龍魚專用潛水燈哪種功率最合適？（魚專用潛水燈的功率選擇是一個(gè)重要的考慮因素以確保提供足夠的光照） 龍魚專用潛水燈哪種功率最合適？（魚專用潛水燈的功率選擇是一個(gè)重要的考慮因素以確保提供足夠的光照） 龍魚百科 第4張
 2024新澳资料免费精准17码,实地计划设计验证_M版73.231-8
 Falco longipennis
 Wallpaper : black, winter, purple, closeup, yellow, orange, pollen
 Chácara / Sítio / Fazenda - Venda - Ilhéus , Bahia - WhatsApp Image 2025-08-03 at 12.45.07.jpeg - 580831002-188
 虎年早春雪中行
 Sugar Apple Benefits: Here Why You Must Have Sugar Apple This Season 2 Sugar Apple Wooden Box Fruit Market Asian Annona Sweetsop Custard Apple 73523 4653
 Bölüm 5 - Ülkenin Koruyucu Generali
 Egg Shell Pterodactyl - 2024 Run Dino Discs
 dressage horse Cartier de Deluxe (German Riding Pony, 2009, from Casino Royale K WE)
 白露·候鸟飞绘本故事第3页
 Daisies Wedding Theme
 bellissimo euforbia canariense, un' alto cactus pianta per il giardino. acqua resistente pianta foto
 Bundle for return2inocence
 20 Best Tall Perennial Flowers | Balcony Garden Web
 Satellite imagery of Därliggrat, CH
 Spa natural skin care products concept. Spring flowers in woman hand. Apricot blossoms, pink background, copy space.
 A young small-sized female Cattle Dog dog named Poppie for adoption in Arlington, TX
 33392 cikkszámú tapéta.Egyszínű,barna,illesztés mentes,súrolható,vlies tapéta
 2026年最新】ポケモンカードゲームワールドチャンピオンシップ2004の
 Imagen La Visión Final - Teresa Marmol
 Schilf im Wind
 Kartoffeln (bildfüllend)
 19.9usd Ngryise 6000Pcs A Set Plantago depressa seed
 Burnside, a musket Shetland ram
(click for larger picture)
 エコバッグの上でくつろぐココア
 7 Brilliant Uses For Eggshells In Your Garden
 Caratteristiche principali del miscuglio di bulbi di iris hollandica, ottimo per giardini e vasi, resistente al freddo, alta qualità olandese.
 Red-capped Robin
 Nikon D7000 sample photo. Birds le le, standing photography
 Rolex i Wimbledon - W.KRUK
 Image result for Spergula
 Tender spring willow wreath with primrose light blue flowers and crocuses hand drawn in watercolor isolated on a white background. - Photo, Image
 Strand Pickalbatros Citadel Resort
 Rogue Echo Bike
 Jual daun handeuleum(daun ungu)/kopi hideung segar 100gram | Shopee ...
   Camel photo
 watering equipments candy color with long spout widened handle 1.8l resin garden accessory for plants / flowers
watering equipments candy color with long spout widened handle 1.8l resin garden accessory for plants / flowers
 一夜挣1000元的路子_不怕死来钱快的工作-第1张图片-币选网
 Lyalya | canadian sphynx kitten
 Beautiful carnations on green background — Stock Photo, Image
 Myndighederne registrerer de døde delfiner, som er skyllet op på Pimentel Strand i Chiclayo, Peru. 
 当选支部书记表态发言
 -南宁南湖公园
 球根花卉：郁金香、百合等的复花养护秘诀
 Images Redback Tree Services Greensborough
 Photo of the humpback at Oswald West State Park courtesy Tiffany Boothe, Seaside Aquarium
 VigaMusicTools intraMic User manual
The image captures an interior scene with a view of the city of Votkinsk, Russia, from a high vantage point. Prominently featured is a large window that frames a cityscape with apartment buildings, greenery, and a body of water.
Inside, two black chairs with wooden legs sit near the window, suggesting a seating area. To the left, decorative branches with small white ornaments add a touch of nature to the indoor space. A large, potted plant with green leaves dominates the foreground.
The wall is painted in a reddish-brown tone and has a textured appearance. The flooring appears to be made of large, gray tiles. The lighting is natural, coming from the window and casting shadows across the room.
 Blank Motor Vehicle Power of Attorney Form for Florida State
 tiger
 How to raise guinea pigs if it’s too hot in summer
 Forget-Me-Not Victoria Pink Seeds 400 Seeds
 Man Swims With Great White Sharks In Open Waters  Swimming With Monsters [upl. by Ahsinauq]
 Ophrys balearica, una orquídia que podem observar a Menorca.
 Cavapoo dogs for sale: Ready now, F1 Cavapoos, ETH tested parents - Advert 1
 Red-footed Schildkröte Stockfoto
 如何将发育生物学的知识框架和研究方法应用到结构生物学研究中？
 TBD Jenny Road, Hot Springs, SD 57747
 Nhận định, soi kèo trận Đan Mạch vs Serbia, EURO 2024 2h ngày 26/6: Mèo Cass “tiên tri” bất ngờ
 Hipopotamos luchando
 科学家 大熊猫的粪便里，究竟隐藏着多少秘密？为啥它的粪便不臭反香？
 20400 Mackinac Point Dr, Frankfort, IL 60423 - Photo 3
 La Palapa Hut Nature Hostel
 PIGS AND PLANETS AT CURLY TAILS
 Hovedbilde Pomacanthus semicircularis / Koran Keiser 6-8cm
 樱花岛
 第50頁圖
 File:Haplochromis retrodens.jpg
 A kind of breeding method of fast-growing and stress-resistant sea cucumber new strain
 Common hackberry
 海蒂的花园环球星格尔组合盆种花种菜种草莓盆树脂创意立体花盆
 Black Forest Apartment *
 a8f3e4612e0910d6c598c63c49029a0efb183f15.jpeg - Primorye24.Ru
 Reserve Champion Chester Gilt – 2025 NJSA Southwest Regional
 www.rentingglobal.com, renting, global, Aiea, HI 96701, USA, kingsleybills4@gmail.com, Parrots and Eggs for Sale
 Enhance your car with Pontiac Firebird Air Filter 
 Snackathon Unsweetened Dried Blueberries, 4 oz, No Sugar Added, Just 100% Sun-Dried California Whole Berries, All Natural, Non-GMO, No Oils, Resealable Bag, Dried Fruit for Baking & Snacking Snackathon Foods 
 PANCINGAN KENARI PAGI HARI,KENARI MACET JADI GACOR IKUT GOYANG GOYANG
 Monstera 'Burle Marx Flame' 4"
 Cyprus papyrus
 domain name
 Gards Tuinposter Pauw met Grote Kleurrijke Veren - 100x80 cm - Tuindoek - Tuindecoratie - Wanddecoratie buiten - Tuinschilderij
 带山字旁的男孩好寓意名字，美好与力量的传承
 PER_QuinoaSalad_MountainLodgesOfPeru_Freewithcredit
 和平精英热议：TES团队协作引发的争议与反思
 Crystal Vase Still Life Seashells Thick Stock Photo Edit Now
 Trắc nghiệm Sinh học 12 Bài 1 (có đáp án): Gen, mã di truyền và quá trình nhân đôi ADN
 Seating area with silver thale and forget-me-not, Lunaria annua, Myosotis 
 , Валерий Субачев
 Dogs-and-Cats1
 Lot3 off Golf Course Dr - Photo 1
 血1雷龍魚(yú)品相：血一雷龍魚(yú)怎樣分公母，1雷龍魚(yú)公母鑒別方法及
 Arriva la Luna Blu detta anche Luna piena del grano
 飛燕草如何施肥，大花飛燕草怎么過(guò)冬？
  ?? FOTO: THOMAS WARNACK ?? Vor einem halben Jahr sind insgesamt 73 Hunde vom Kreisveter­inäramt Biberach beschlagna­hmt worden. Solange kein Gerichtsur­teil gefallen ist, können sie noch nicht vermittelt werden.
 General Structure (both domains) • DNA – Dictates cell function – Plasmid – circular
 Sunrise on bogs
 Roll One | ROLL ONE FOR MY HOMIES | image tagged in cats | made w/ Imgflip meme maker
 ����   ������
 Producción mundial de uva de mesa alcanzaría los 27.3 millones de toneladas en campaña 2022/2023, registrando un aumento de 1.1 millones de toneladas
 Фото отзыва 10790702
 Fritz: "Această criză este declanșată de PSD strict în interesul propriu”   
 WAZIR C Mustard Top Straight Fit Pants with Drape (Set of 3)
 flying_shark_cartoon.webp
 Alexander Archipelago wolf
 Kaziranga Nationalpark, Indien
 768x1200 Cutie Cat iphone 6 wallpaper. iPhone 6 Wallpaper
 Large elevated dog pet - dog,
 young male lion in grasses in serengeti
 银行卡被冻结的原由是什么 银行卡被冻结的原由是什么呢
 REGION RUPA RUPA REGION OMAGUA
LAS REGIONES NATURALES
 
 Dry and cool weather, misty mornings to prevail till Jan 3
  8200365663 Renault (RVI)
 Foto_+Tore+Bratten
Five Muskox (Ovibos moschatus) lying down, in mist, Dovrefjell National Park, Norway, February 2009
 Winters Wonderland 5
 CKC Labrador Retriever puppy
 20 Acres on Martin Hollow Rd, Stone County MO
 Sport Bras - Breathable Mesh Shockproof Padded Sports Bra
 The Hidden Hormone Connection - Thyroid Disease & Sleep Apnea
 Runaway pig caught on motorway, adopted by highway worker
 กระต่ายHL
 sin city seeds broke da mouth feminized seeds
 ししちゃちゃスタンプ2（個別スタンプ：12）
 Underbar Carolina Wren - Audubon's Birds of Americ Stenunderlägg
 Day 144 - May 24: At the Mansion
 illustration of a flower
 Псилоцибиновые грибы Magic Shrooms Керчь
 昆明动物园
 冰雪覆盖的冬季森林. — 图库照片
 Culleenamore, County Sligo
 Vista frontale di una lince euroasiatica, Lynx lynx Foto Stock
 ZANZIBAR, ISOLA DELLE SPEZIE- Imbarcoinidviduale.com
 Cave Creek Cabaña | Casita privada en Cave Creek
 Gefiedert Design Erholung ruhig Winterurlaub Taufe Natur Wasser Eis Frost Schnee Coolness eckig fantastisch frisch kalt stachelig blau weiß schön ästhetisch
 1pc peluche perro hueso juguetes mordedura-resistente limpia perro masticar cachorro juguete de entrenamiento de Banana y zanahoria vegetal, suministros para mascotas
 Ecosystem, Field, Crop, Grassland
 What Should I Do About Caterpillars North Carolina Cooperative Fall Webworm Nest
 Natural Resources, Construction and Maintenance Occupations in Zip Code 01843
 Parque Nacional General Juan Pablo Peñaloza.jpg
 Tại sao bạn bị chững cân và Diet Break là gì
------------------------------------------------
__WHAT THE TASK REQUIRES__. If a line in the listing includes the word "widened", it counts; report the number of such lines and nothing else.

__TASK SOLUTION__. 2